But now, even before they take the reins of Congressional power, Republicans have thrown the electorate that elected them on those issues under the bus without a fight. Oh, one grows weary of the old saw, "voters don't want a government shutdown." What a crock! If a government shutdown actually hurt, why were Republicans elected in the greatest landslide in nearly a hundred years after shutting the government down last year? One cannot help but wonder, "What are they thinking?" Are Republicans now nothing more than Democrats-lite? If one considers their behavior, not their words, one begins to believe that the two parties are in kabuki theatre. Theatre in which neither party is leveling with the voters and whose overriding interest is political gamesmanship and self-promotion.
If one were inclined to use profanity, now would be the time. Much has already been spoken and written on this subject, so there really isn't must left to write about. But, I'll think of something.
An email came recently in which the Republican Party asked us to renew our membership. Well, there are a couple of issues with that. First, I am not a Republican, I am an independent conservative. Second, mildly put I am furious at the Republican Party for its abject failure to follow through on its promise to rein in "Obamacare," and Obama's Executive overreach.

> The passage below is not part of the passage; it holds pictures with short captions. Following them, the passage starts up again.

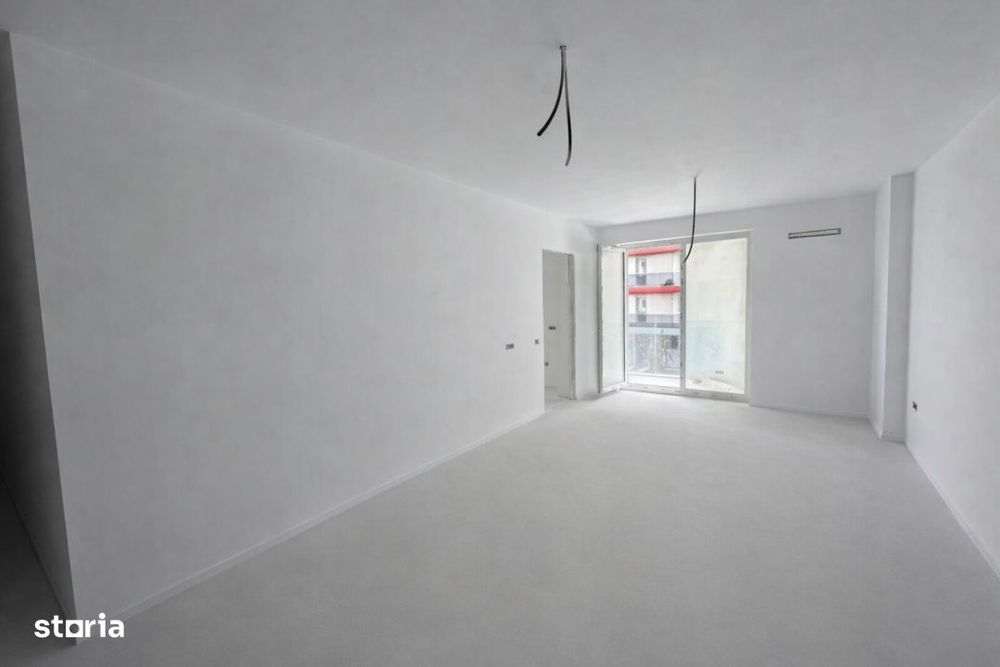 Apartament semifinisat - 2 camere I 54mp I Balcon I Parcare - Fabricii — fotografia 1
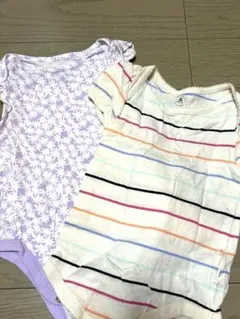 baby gap ロンパース2枚セット 18-24month 90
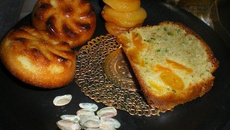 Cake aux abricots moelleux et aux pistaches
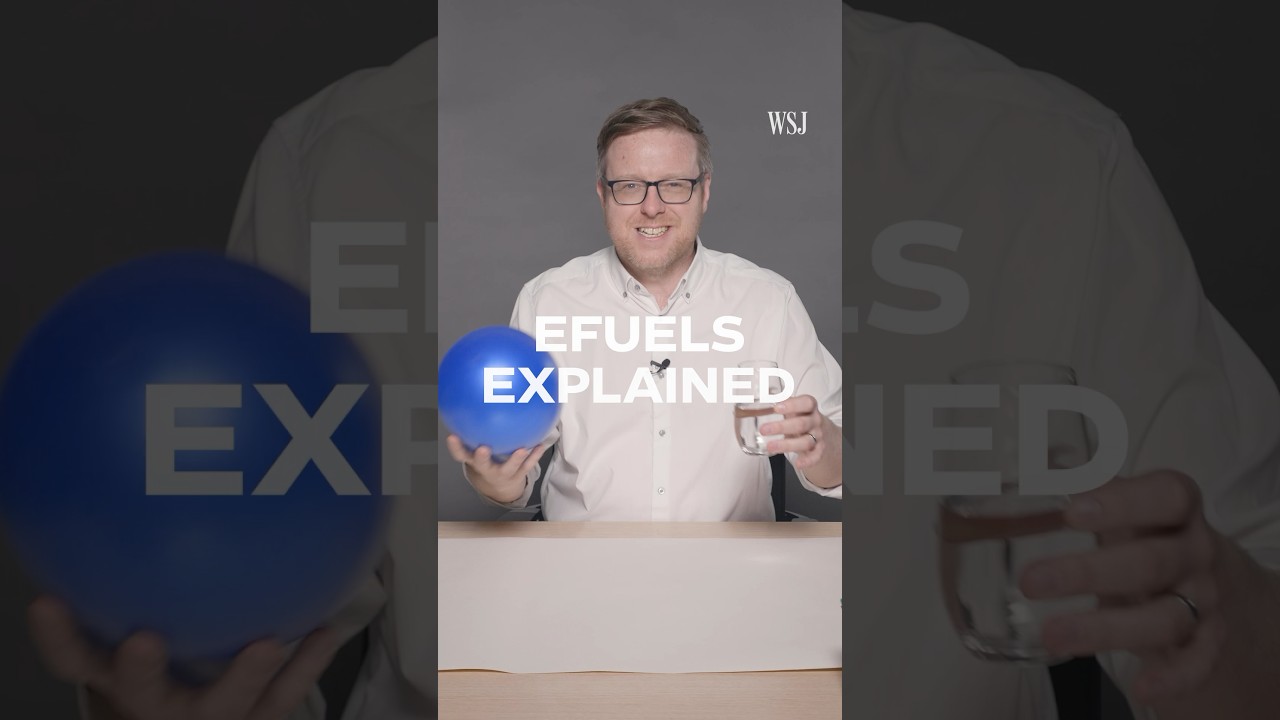 How Air and Water Can Be Turned Into eFuel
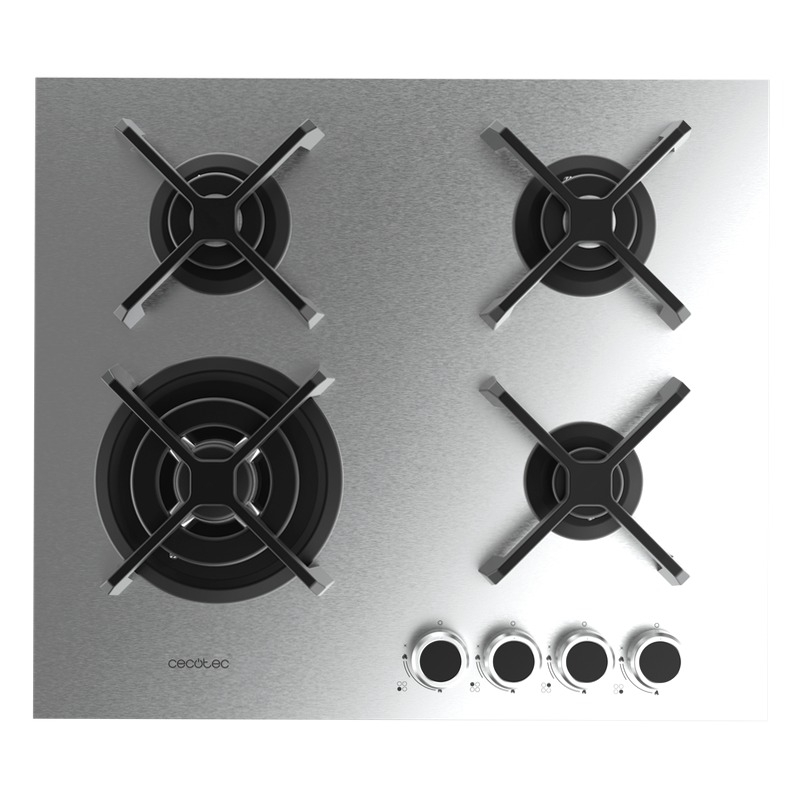 Bolero Squad G 4400S Inox Acciaio Gas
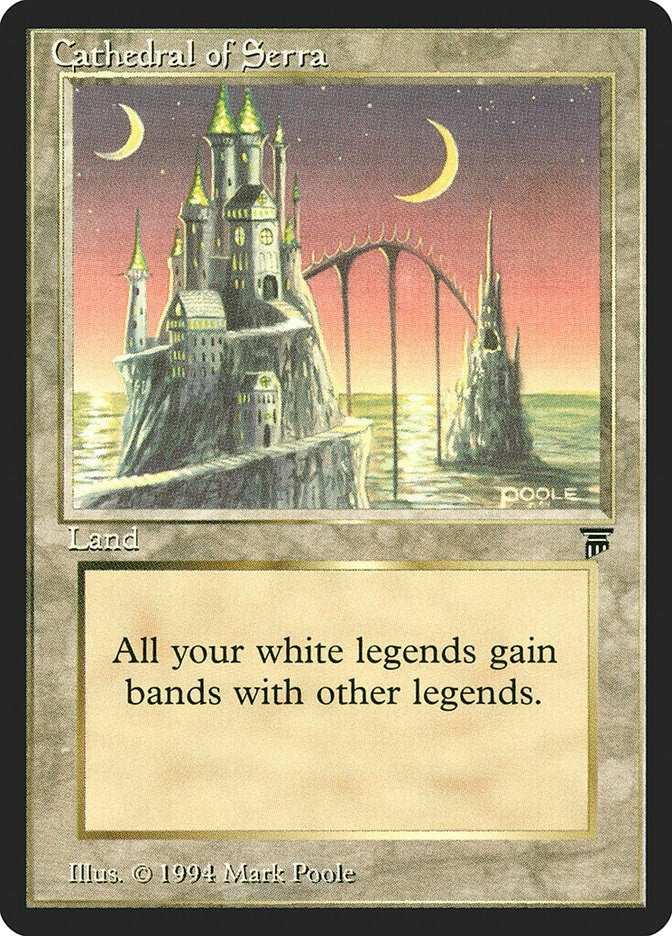 Cathedral of Serra [LEG] - MTG Single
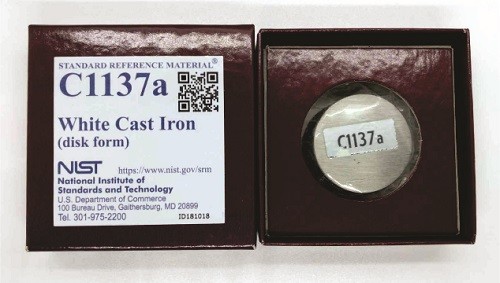 SRM C1137a - 白口鑄鐵標準品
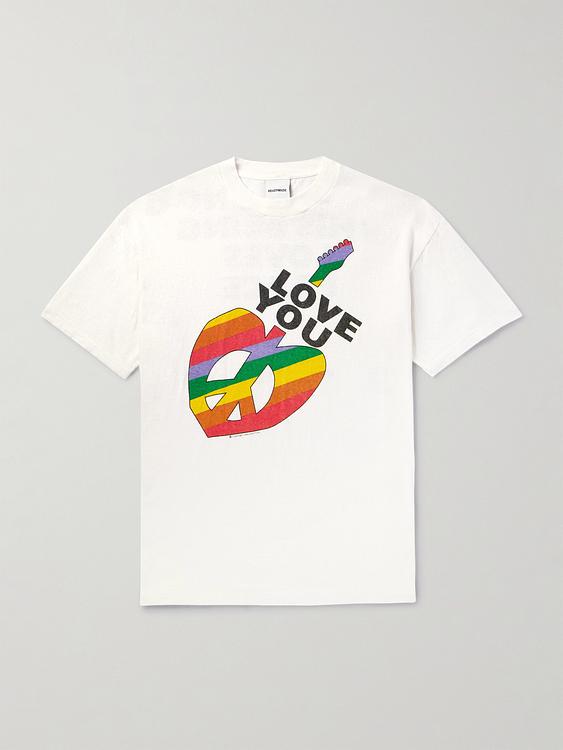 Print white t-shirt from Readymade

For years we have suggested a third party, but the naysayers win out with the line, "it will split the vote and Democrats will win." Conservatives actually dominate the American political electorate so why do they fail to dominate in politics? The answer is complex and would take much more space than most readers are willing to take time to read. Taking time is at the heart of the dilemma and is frustrating to all concerned.
Here are some basic facts: Conservatives comprise approximately forty percent of the electorate and moderates comprise about thirty five percent. Liberals comprise twenty one percent and yet the composition of Congress doesn't come close to reflecting the electorate. Before the November 2014 midterm election, Democrats, who given their voting record can be characterized as liberal, held fifty three Senate seats or fifty three percent, and two hundred one House seats or forty six percent. Yet, their representation in the general population is twenty one percent. What this illustrates is the power of money, campaign strategy and likability of the candidates. Note that a candidate's overall qualifications have little bearing on the outcome of an election. Evidently moderates tend to vote "liberal" more often than conservative.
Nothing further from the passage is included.